Night Schemes

Photo courtesy
Ed Krieger/Laguna PlayhouseIf people could only learn to trust the universe and realize that the first sign of a love affair gone bad is the only perfect opportunity to get the fuck out, we'd be spared plays like Michael Weller's What the Night Is For.Unfortunately, so many of us are so locked into the beat-the-dead-horse-into-a-fleshy-pulp mode that, after a while, the maggots and bones start tasting so familiar that we start feasting on them, rather than on anything with the semblance of a healthy relationship.

Reveling in memories of the past and using them as reasons to not fully commit to the present are what Adam (Kip Gilman) and Melinda (Claudia Christian) have done for 10 years, ever since their torrid New York City affair abruptly ended. He was a hip, successful architect; she was an aspiring poetess. The Village Voice even called her “Emily Dickinson on Ecstasy.” They were both married, but they loved fucking each other. When Melinda split one day without a word, Adam figured she'd found another lover.

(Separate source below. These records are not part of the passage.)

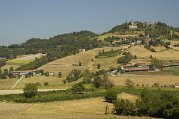 _dsc3758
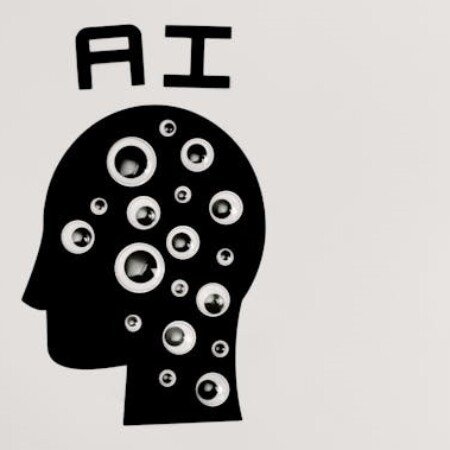 Profile picture of aijourn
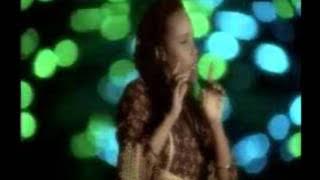 Urban Species - Tomorrow People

The truth—as these things so often are onstage, and maybe even in life—was far more complicated, and the conceit that Adam is tracking down Melinda in a Midwestern hotel room for the first time in 10 years gives both a chance to sort through the strands.

This is a two-character play set in a hotel room, and if you think it sounds a little bit like Bernard Slade's Same Time, Next Year, you're right. Except that play was a very warm and fuzzy look at two lifelong adulterers whose lives were truly better off because of their annual trysts. Weller's play, directed this time around by Richard Stein, is Slade on Viagra. Sexual innuendo drips from Melinda's lips like the rare roast beef she feeds Adam in bed; her body constantly seems to be on the verge of exploding out of her scant costume; and there's more talk of female orgasm and sexual unfulfillment than an afternoon on my shrink's couch.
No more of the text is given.